Yu et al. examined multiple Fe–N4 embedded carbon catalysts (Fe–N4–C, Fe–N4–C–O, Fe–N4–C–OH, and Fe–N4–C–OOH) to elucidate spin effects on key ORR intermediates, which revealed that the Fe–N4–C–OH structure exhibited an asymmetric spin distribution at the active site, where the spin density localized on the Fe atom and the adsorbed *OH intermediate was antiparallel.98 This antiparallel spin alignment facilitated favorable orbital hybridization, leading to optimal *OH adsorption strength, which is critical for lowering the overpotential of the rate-limiting step in ORR. The PDOS indicated that this spin-state configuration altered the Fe 3d orbital occupation, shifting the d-band center and enhancing bonding interactions with *OH. As a result, the Fe–N4–C–OH system displayed the lowest overpotential (0.38 V) among the studied models.
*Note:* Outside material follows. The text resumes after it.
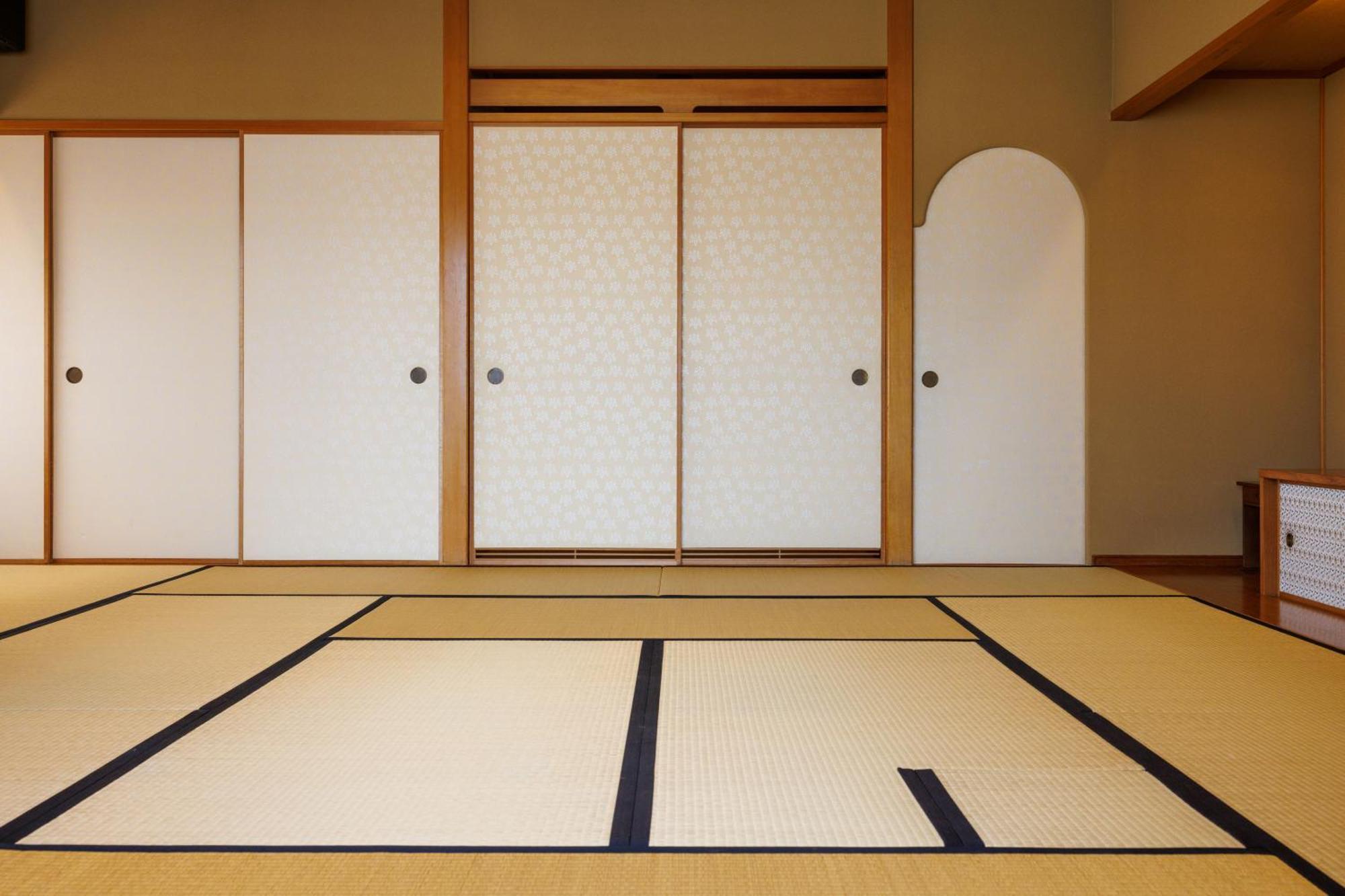 Hotel Wakamizu Takarazuka Eksteriør billede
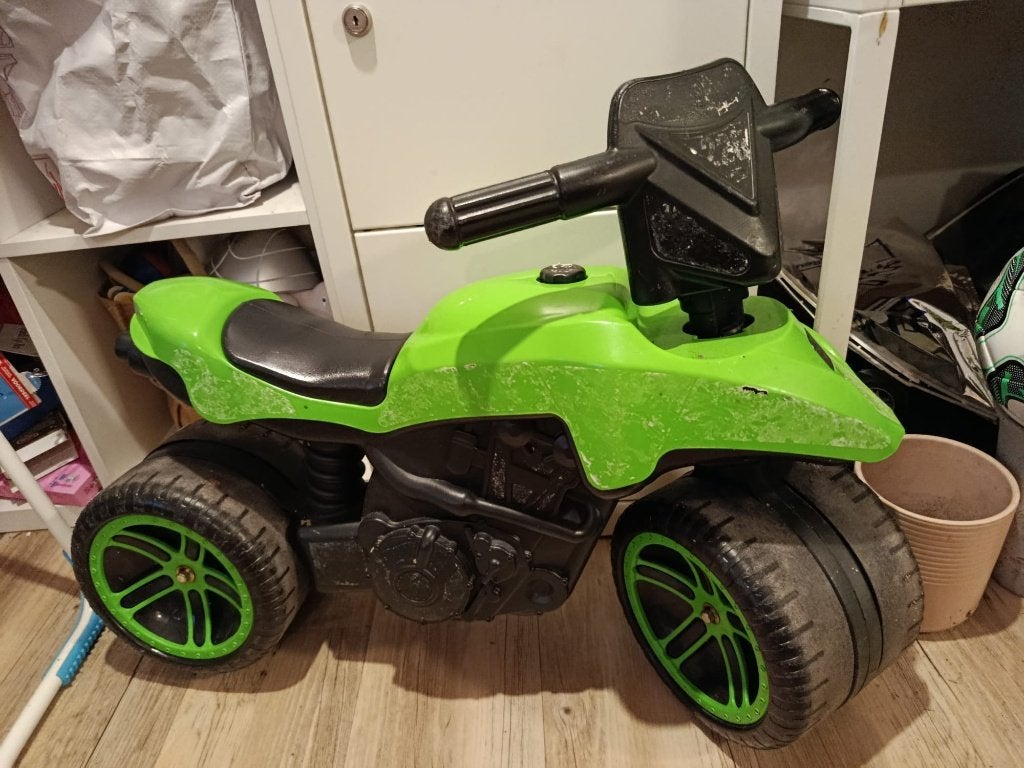 Groene loopmotor voor kinderen, Ophalen of Verzenden, Gebruikt, Loopfiets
Spin control can also be achieved by introducing clusters around monodisperse atoms. Zhang et al. conducted characterizations such as hysteresis loops and ZFC-T magnetization rates to confirm that the Fe clusters reduced the 3d electron density and increased the effective magnetic moment of the single-atom Fe sites.99 The performance enhancement was achieved by implanting Fe atomic clusters near monodispersed Fe–N4 sites in an N-doped porous carbon matrix (Fig. 8g–i). This caused the electron spin-state of the monodispersed Fe active sites to transition from LS (t2g6eg0, μeff = 0.9 μB) to medium spin (MS, t2g5eg1, μeff = 3.6 μB). DFT calculations indicated that the MS state facilitated electron filling in the σ* orbital (dz2), weakening *OH adsorption by reducing charge transfer from Fe–N4 to *OH and lowering the desorption energy barrier (from 0.776 to 0.532 eV). This spin-state manipulation optimized OH desorption, the rate-determining step, thereby boosting ORR activity and enabling efficient zinc–air (Zn–air) batteries.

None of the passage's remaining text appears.